*** Opening of Data to use ***

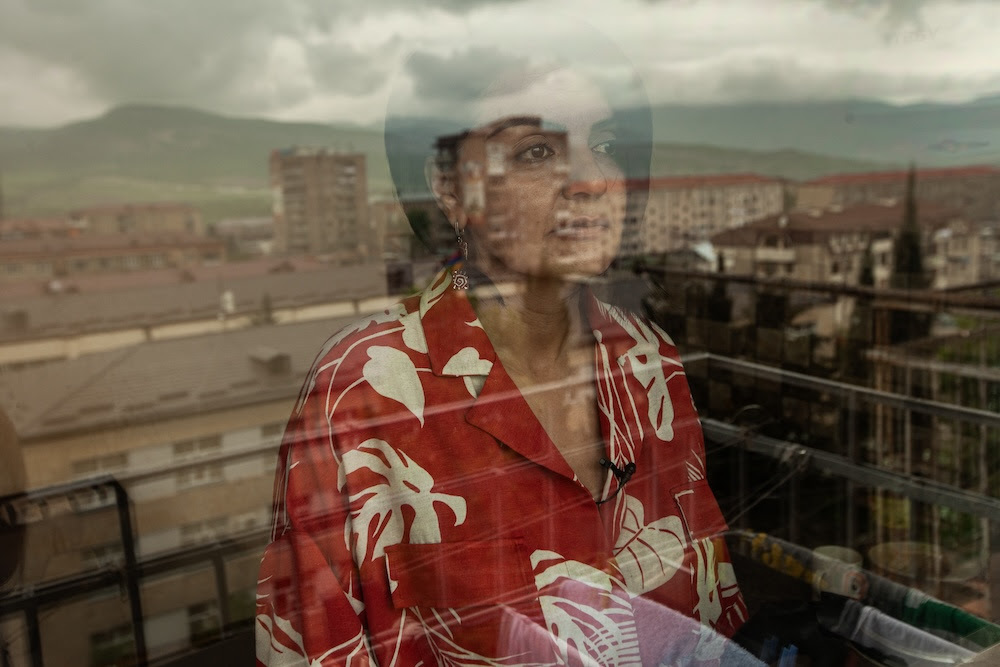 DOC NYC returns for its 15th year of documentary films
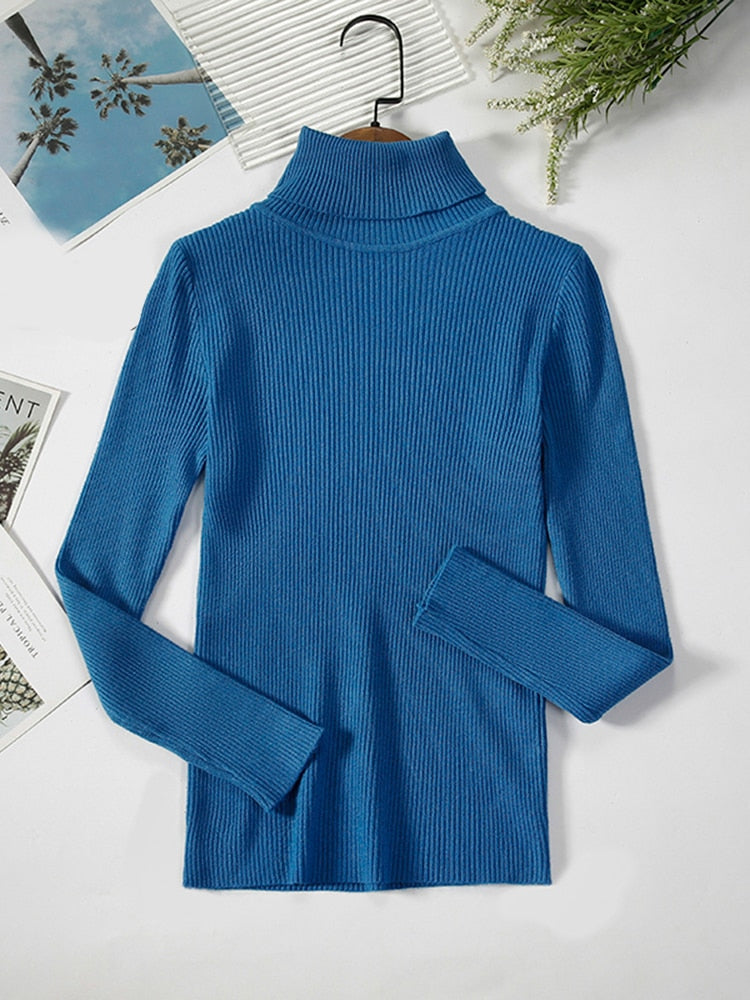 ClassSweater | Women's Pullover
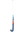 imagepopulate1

*** Close of Data to use ***
*** Opening of Data to use ***

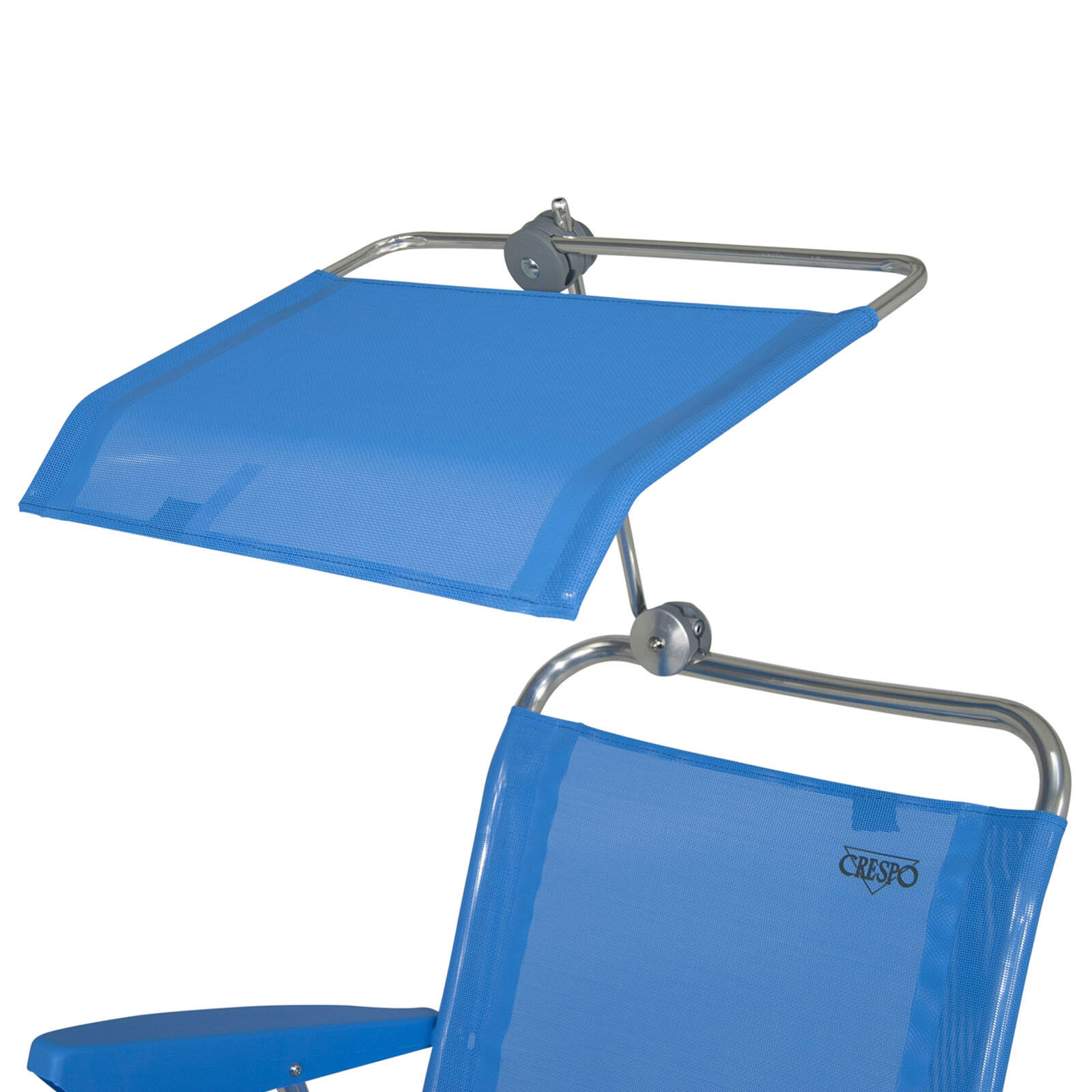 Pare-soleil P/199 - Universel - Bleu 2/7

*** Close of Data to use ***

Exercise: Using the data above, transcribe exactly the lines between those containing "DOC NYC returns" and "imagepopulate1", inclusive, and leave every picture behind.

Exercise output:
 DOC NYC returns for its 15th year of documentary films
 ClassSweater | Women's Pullover
 imagepopulate1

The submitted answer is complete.